Menwith Hill : le porte-avion de la NSA au cœur de l’Europe

Des documents exfiltrés par Edward Snowden permettent de faire la lumière sur la plus importante base de la NSA hors des Etats-Unis : Menwith Hill, situé dans le Yorkshire.

 

La plus grande base de la NSA à l’extérieur des Etats-Unis est située au milieu de la campagne anglaise, dans le Yorkshire, à quelques kilomètres de la petite ville de Harrogate, à moins de 350 kilomètres au nord de Londres. C’est cette station d’écoute – appelée Menwith Hill – que ceux de The Intercept détaillent sur la base de documents secrets dévoilés par Edward Snowden. Y est notamment décrit le recyclage de cette base – autrefois vouée à l’espionnage des soviétiques, dans le cadre du réseau Echelon – en station d’écoute des communications électroniques sans fil, en particulier celles issues du Moyen-Orient et d’Afrique. Officiellement, les gouvernements américains et britanniques présentent Menwith Hill comme un relais radio et un centre de recherche sur les communications.

Un datacenter tout neuf

Au cours de la décennie passée, la NSA y a notamment implanté des outils de pointe permettant de localiser des personnes suspectes sur la base de leurs communications. Menwith Hill serait capable d’intercepter 300 millions d’e-mails et d’appels téléphoniques par jour.

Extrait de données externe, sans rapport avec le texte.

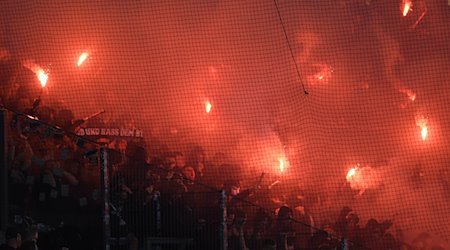 Hannovers Fans zünden Pyrotechnik. / Foto: Swen Pförtner/dpa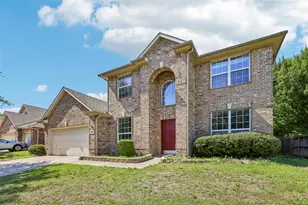 844 Sequoia Way, Saginaw, TX 76131 - Photo 2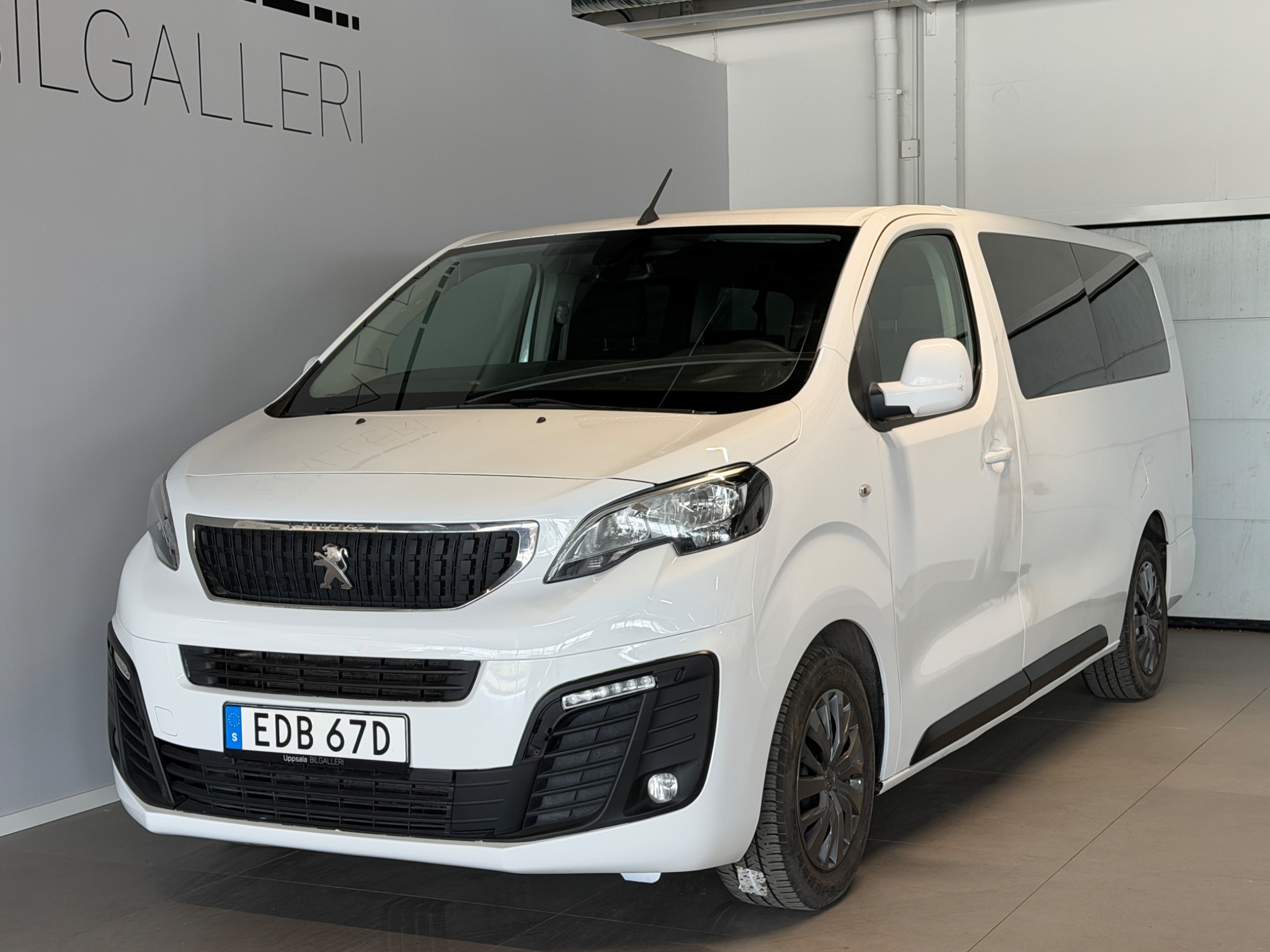 Peugeot Traveller 2019, bild 3/44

Selon The Intercept, les investissements américains sur cette base se sont accentués à partir de 2008, sous la houlette de Keith Alexander (l’ex-directeur de la NSA). Objectif affiché par ce dernier, selon un des documents exploités : collecter toutes les données, tout le temps. Entre 2009 et 2012, la base a été dotée d’un nouveau centre d’opérations, dans lequel un datacenter (plus de 900 mètres carrés d’espace pour les racks) est chargé de stocker les données récoltées. Un investissement de 40 millions de dollars.

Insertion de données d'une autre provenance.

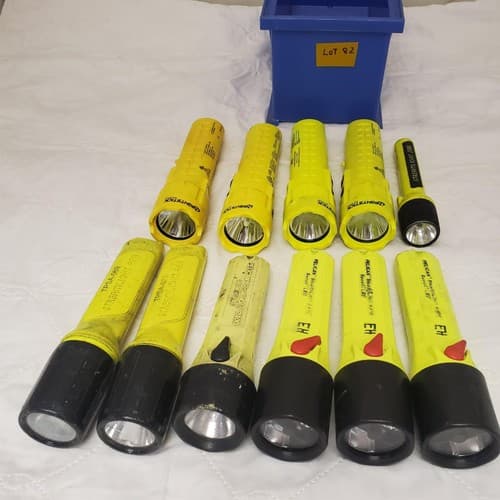 Lot of 11 Streamlight Flashlight LED LOT-82 - Image 1
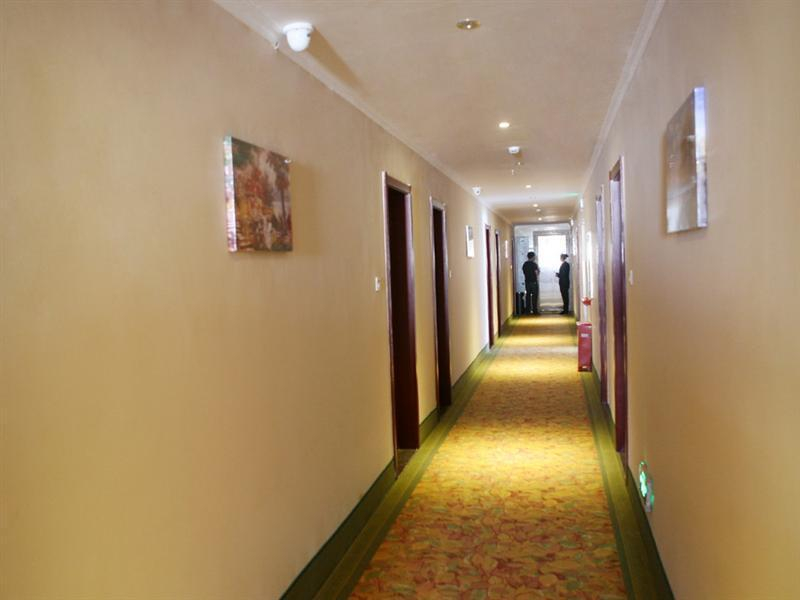 GreenTree Inn Xinjiang Tulufan North Xihuan Road Express Hotel
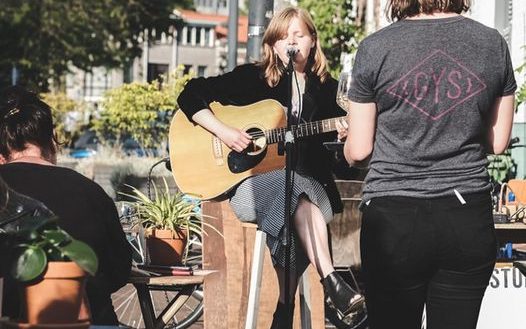 Lees meer over het artikel Popronde Woerden – gratis muziekfestival in de binnenstad van Woerden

Ghosthunter : préparer les attaques de drones

La base sert en particulier à la préparation d’opérations militaires – notamment des attaques de drones –, en Irak, en Afghanistan mais aussi au Yémen, révèle The Intercept. Un programme appelé Ghosthunter, opérationnel depuis 2006, permet par exemple de localiser des cibles quand elles se connectent à Internet afin de préparer des opérations militaires (comprendre des assassinats ciblés dans la plupart des cas).

 


Menwith Hill, une zone militaire ultra-sécurisée et caractérisée par 30 dômes gigantesques protégeant les équipements qu’elle abrite des regards indiscrets, se concentre sur l’interception des communications sans fil. Selon les documents d’Edward Snowden, la base a deux objectifs principaux : l’écoute des faisceaux de communications que s’échangent les satellites non-américains (pour lesquels la NSA a recours à des antennes masqués par les fameux dômes) et l’utilisation des satellites américains pour espionner les communications au sol (sur réseaux mobiles et même WiFi). Ces deux programmes s’appellent respectivement Fornsat et Overhead.

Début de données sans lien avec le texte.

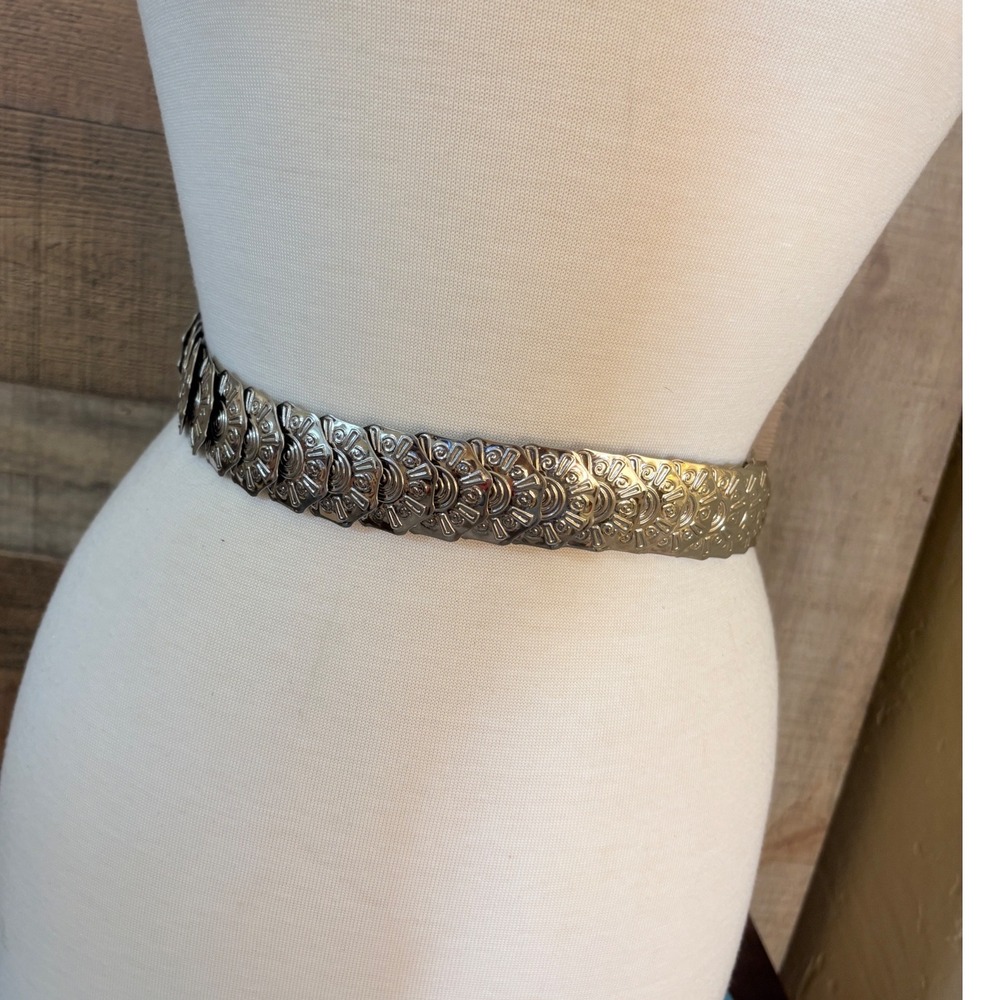 Vintage Silver Medallion Stretch Belt Sunburst Celestial Metal Cinch osfm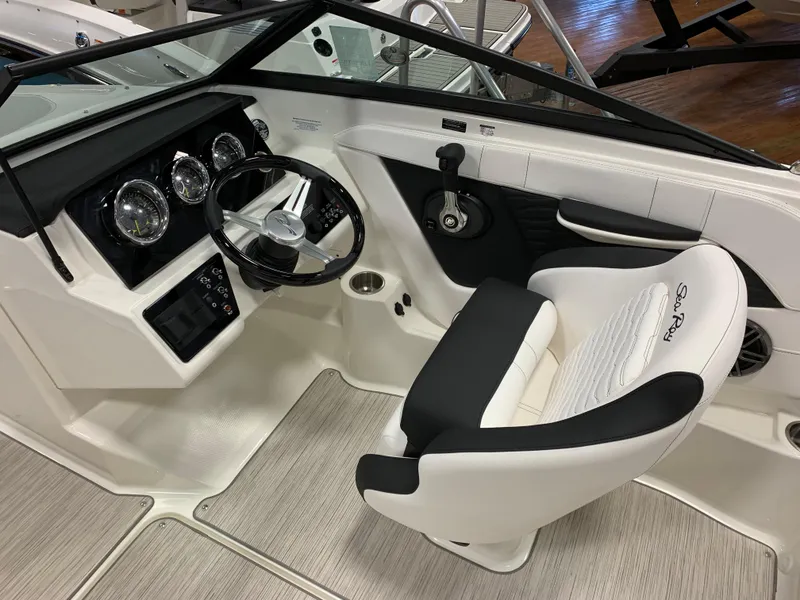 Slide: The Image of Sea Ray SPX 190 2022 - 3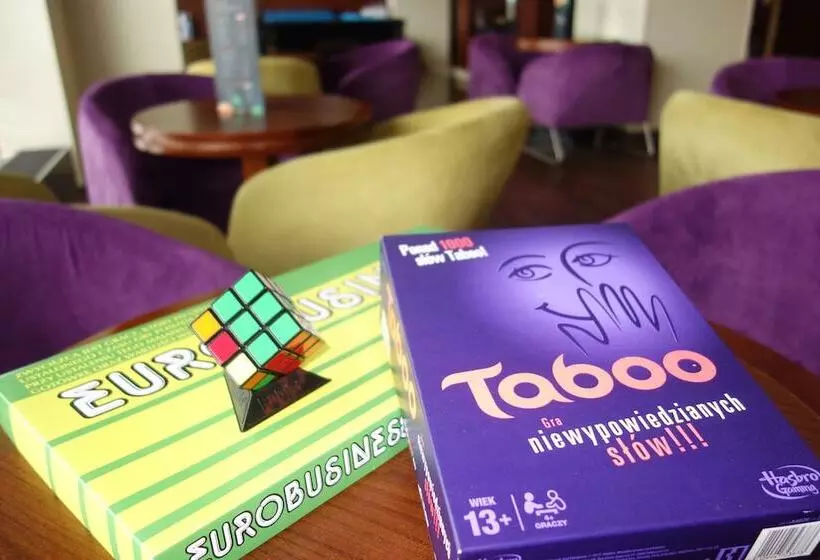 Отель Desilva Inn Katowice Airport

En 2009 par exemple, 163 liens entre satellites non américains étaient ainsi discrètement placés sur écoute. Et, selon The Intercept, la base a peu à peu étendu son rayon d’action. Elle serait ainsi désormais en mesure, via des satellites, de cibler des communications en Chine ou en Amérique latine mais aussi d’offrir « une couverture continue de la majorité du continent européen ».

Tempora + Menwith Hill


 

Rappelons que le GCHQ et la NSA collaborent également sur l’écoute des backbone d’Internet (via le programme Tempora), la Grande-Bretagne étant un pays charnière dans les communications par fibre optique entre l’Amérique du Nord d’un côté et l’Europe, l’Afrique ou le Moyen-Orient de l’autre. La base de Menwith Hill apparaît comme un complément de Tempora et permet en particulier à la NSA de cibler des zones où les communications par fibre optique restent l’exception, faute d’infrastructure. Les installations du Yorshire se sont donc révélées essentielles dans les programmes de lutte contre le terrorisme, dans l’Amérique post-11 septembre, quand les Etats-Unis ont tourné leurs grandes oreilles vers des pays comme l’Afghanistan, le Pakistan ou l’Irak.

Menwith Hill emploierait 2.200 personnes, en majorité américaines. Mais 600 employés seraient des Britanniques, dont certains issus du GCHQ, les services de renseignement spécialisés dans les communications électroniques de la Grande-Bretagne. Les détails des opérations menées depuis la base du Yorkshire sont embarrassants pour le gouvernement britannique, car elles prouvent sa complicité dans des opérations militaires menées dans des pays avec lesquels la Grande-Bretagne n’est pas en guerre.